Love Where You Live: Politics by John Burke

Along with 300 plus churches in the Austin area, Gateway Church in Austin began a series called “Love Where You Live.” John Burke kicked off our series talking about a love greater than politics.

Check out the Next Steps here:

Next Steps – A Love Greater Than Politics

Consider a conversation with your life group, family over dinner, running partners, or neighbors using the questions and exercises.

Watch the message here:

Read the message notes here:

There are two reasons I want to talk about politics.

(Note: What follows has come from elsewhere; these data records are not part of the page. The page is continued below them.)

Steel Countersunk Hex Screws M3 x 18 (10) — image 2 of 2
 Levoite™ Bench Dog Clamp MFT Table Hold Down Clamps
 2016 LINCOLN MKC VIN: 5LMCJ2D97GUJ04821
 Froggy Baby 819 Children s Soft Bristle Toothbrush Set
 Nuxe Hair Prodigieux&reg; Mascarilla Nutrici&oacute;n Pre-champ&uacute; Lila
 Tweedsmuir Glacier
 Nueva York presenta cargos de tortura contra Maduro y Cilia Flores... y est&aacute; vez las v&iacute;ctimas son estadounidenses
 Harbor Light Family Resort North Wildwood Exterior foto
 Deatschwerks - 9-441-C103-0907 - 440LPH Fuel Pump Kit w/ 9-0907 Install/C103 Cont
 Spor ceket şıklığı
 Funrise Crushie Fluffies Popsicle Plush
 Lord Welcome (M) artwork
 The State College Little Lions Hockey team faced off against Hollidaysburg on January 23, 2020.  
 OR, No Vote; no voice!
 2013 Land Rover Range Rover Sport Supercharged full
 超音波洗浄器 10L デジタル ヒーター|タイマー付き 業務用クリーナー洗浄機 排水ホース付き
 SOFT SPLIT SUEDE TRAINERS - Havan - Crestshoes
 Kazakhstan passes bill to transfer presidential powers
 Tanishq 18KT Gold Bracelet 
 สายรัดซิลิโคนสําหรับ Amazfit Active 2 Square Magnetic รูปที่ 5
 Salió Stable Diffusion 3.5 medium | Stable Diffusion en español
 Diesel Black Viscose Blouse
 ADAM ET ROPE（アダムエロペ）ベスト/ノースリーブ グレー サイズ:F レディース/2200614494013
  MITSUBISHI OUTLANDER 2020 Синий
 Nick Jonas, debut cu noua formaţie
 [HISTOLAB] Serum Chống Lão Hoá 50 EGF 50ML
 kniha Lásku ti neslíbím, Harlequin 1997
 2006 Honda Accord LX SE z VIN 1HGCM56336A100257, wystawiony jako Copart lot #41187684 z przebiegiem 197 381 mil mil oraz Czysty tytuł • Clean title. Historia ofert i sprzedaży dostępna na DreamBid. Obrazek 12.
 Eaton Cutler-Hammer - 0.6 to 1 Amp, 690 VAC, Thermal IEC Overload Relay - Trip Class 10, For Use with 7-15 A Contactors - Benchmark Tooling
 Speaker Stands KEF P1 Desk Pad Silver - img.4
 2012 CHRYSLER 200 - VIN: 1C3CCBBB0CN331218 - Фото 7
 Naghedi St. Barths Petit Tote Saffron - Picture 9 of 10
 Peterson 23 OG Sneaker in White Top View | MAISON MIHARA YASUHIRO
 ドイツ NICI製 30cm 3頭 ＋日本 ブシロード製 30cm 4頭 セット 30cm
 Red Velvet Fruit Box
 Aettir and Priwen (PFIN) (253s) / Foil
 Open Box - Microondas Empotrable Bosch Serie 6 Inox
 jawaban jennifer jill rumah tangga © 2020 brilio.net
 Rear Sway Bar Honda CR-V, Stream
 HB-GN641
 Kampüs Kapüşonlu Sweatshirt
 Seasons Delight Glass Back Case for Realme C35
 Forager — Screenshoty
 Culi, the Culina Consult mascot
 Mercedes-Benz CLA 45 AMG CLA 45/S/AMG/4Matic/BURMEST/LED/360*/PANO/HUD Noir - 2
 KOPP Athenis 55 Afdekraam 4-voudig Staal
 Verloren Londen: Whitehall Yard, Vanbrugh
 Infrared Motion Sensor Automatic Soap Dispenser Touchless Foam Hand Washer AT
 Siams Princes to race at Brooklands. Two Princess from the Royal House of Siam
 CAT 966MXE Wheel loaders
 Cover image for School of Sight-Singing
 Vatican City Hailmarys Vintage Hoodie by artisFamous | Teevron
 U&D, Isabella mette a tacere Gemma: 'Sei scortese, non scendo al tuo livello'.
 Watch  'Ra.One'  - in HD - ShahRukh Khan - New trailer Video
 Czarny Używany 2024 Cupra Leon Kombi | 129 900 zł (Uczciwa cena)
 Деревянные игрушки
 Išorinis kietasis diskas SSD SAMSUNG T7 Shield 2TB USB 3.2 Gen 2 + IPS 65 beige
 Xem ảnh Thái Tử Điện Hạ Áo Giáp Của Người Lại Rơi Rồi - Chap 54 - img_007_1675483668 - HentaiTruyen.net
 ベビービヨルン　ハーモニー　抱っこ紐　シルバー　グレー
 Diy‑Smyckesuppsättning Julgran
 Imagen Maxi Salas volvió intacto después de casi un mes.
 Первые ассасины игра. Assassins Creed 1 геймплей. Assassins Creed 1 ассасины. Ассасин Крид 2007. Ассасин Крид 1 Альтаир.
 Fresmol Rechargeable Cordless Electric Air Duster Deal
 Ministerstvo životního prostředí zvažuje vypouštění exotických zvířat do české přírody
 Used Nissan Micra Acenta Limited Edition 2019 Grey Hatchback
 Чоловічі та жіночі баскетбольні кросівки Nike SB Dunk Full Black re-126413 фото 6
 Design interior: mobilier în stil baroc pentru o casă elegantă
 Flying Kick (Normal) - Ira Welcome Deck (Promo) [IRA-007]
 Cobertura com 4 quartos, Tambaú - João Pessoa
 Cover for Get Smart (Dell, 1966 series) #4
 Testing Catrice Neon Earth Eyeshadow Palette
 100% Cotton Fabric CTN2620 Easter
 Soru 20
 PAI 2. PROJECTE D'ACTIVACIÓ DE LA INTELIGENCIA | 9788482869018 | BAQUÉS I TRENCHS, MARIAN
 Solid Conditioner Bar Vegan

First, here at Gateway Church we’ve always said we don’t take a political stand, and we couldn’t care less who you voted for in the last election. At the same time, 50% of you said on our survey that you voted democrat in the last election. The other 50% of you voted republican. And 100% of you think we’re all just like you—until…election year! Then suddenly, these people you’ve come to know and love in your life group over the past year or so start to voice their opinions, and you realize—oh my gosh—you’re one of THEM? People leave groups, people lose relationship, people leave our church because we’re not like them.

Second, we need to learn to love our neighbors who may disagree with our political views.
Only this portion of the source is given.